***** Material provided *****

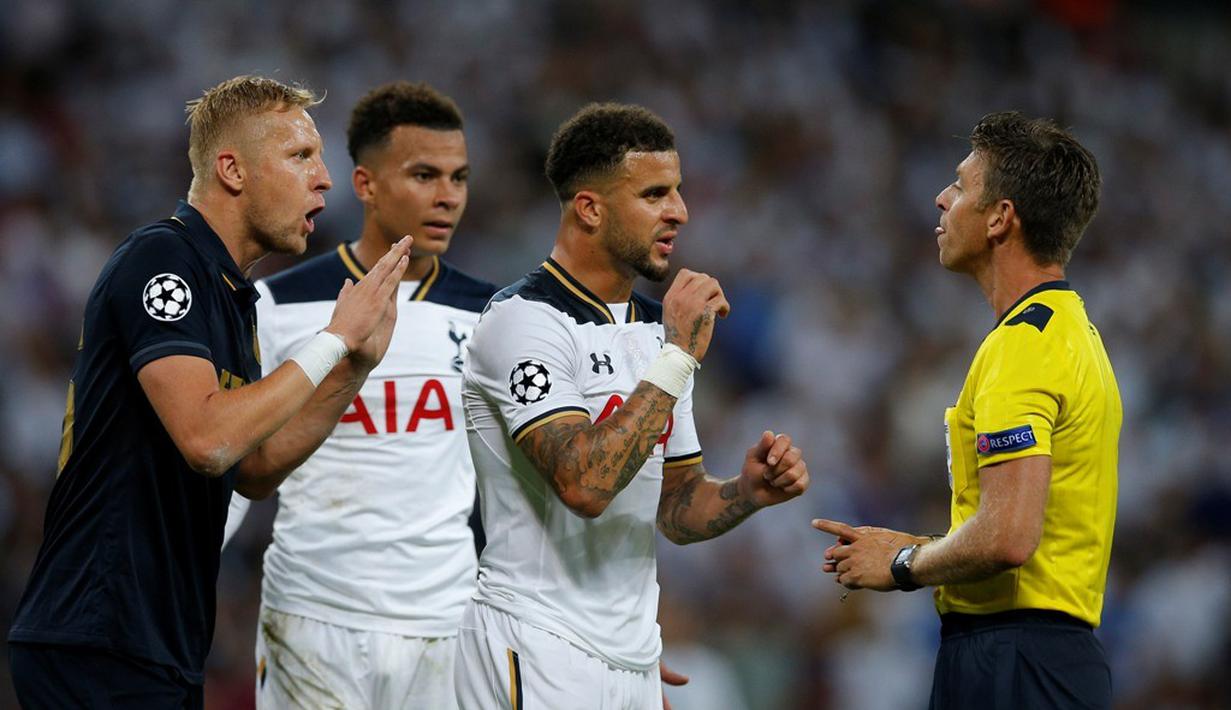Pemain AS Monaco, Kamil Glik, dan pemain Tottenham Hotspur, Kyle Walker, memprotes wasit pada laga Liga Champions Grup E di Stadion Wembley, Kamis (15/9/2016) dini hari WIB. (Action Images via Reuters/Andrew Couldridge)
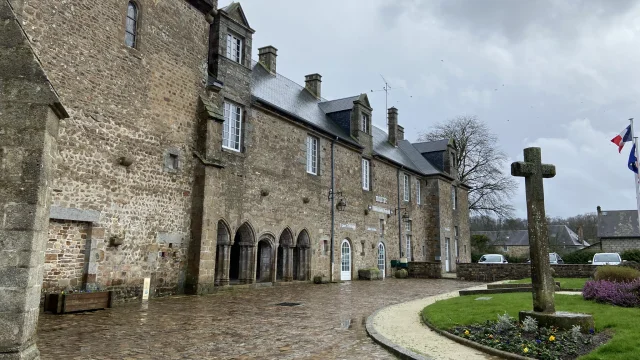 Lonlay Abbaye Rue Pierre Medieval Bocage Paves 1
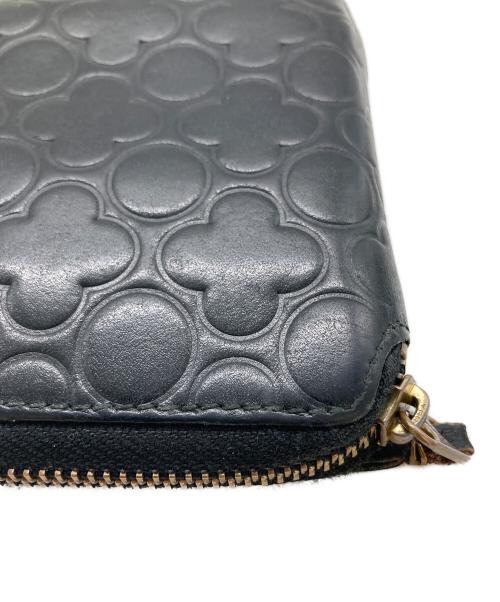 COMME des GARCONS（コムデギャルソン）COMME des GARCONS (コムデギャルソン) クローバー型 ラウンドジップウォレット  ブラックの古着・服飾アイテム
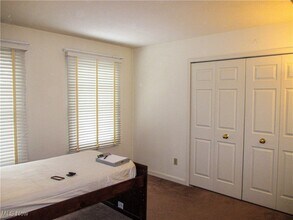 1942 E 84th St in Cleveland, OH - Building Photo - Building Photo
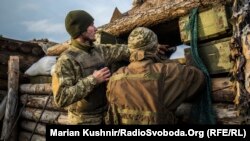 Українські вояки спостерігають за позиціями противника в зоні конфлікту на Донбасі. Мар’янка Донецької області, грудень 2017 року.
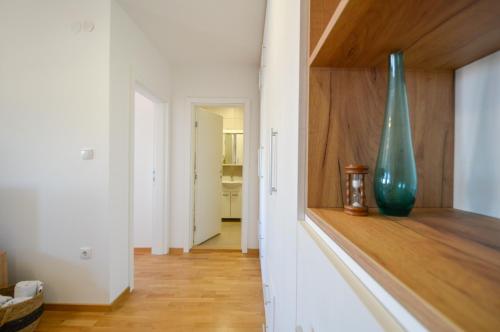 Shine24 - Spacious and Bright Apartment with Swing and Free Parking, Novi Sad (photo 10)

*****

#### What is being asked:
Beginning with the line that contains "Українські вояки спостерігають" and ending with the final line of the entries, every line must be copied exactly; the pictures must not.

#### Solution for this problem:
 Українські вояки спостерігають за позиціями противника в зоні конфлікту на Донбасі. Мар’янка Донецької області, грудень 2017 року.
 Shine24 - Spacious and Bright Apartment with Swing and Free Parking, Novi Sad (photo 10)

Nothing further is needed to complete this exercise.